Believe it or not, despite the obvious logistical headaches that the local economy offers, it’s one of the most desirable regions for global brands to prospect for new customers.

Don’t hold your breath, but yes… Amazon is supposedly still coming this year. The Dubai-based Millat Group has already brought the Canadian convenience store brand, Circle K, here, and plans to introduce the swanky, quick-service restaurant brand Pret a Manger shortly.

Coca-Cola is opening more and more Costa Coffee outlets and the number of new and old car brands, including the likes of GAC and MG, now knocking on the South African buyer’s door, is encouraging.

Along with Shein and TikTok, there is yet another new Chinese brand that is already having a big impact on the country.

Launched in mid-January this year and already the #1 most downloaded app in South Africa, Temu is “an e-commerce platform that was founded in 2022” that sells incredibly cheap goods (often of questionable quality), very aggressively.

With the catchy slogan, “Shop like a billionaire”, the brand has leapt seemingly from nowhere and become astoundingly popular almost overnight.

Some analysts estimate that Temu will generate a global gross merchandise value of more than $30-billion this year thanks to enthusiastic demand from more than 350 million users.

How did Temu go from zero to hero?

The strategy seems simple enough.

First, it’s important to point out that it has invested a shocking amount of money on advertising. Last year alone, it spent more than $3-billion on promoting the brand; a mountain of money that is equivalent to the entire market capitalisation of Old Mutual.

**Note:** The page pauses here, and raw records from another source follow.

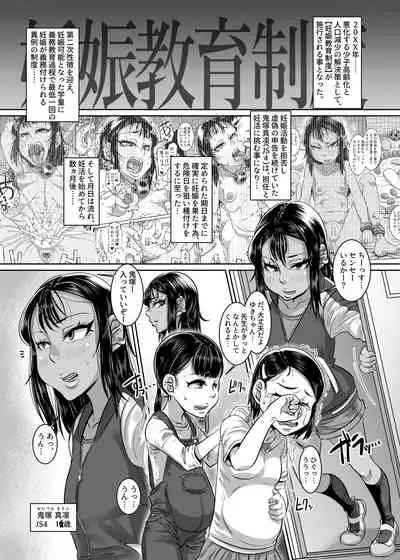 CHOCOLATE GIRL4 chapter3 Kuro ●* Nimpu activity - demand bote stomach H ... which a Yankee learns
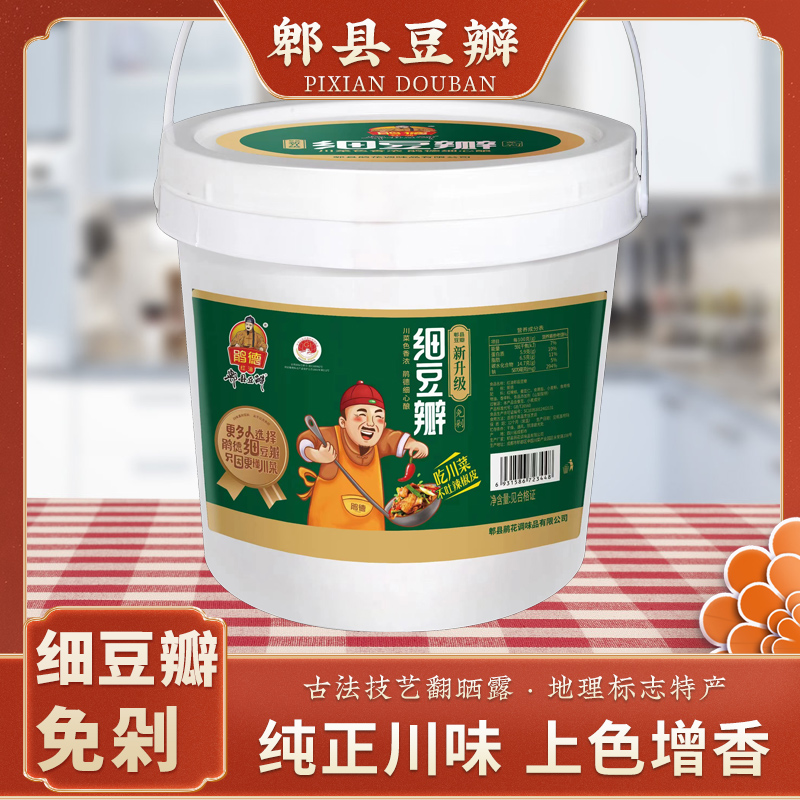 【商用6kg】正宗郫县红油豆瓣酱饭店酒店川菜商家免剁细豆瓣调味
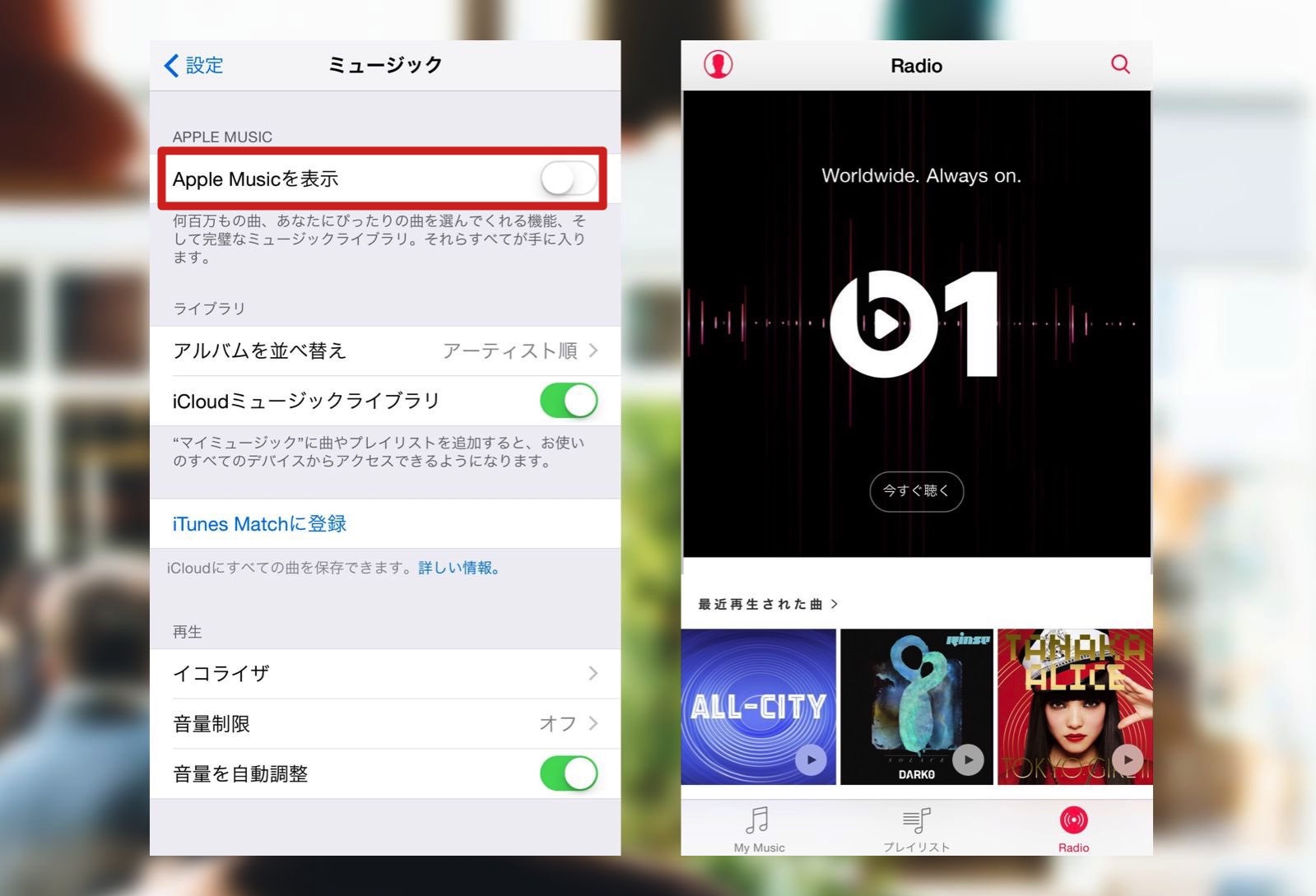 Apple Musicを非表示にする Connectを無効にするios Itunesの設定方法 Ipod Love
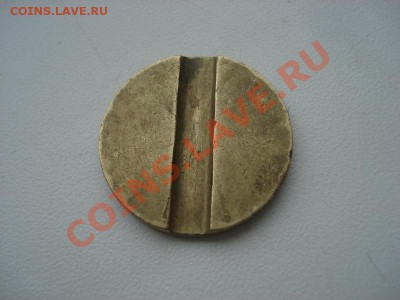 Минторг №7 КВАДРАТНЫЕ цифры один паз оценка - 2709528899_1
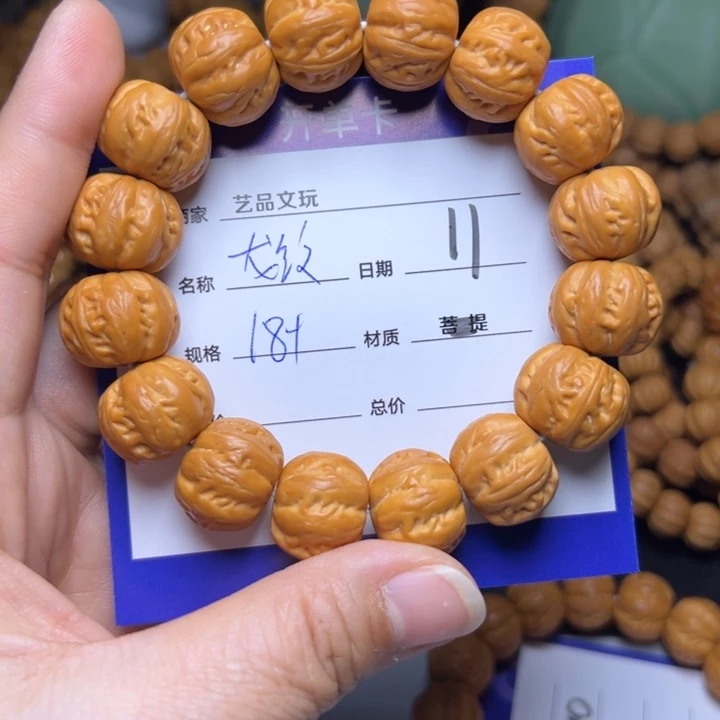 猴头核桃手串猴头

It was spent on things like multiple Super Bowl ads in the US, subsidising sales on the site itself, and helping Mark Zuckerberg buy yet another superyacht.

Then there is the shopping experience. What Temu has managed to successfully pull off is a gamification of the mind-numbing process of buying stuff online.

The enormous number of “shoppers” it acquires then psychologically disassociate the spending of their money with actually spending money. Crafty, right?

Instead of the usual endless searching and clicking, the app is littered with games of chance. You can buy things together with your friends in a kind of virtual shopping club, and everything is hyped with surprise discounts and gimmicks lifted straight from a casino’s playbook.

A stylish men’s workwear jacket will only cost you R308… hold on, what’s this? A drone for only 500 bucks? People tend to stay on the app longer because of the mental enjoyment it offers and spend more money on stuff to further soothe themselves.

What they are doing very well is training consumers to be better consumers of value. They are reframing the consumption of value as a form of entertainment, much like playing a couple of rounds of Candy Crush.

Users aren’t buying things to get things – they’re playing a game and getting a dopamine hit by finding bargains. The quality of whatever arrives at the front door a few days later then almost becomes irrelevant.

It’s a classic case study of disruption by serving mass market consumers who are predictably overlooked by traditional e-commerce brands. The twist in the tail is that the lured market is then introduced to a brand-new category of gamified e-commerce that Temu alone owns.

A key part of the business model then comes into play. 

What Pinduoduo – the holding company that owns the brand – has set out to achieve with Temu is to take better advantage of the vast ecosystem of merchants it represents by levelling the commercial playing field for all of them through the design and framing of its approach.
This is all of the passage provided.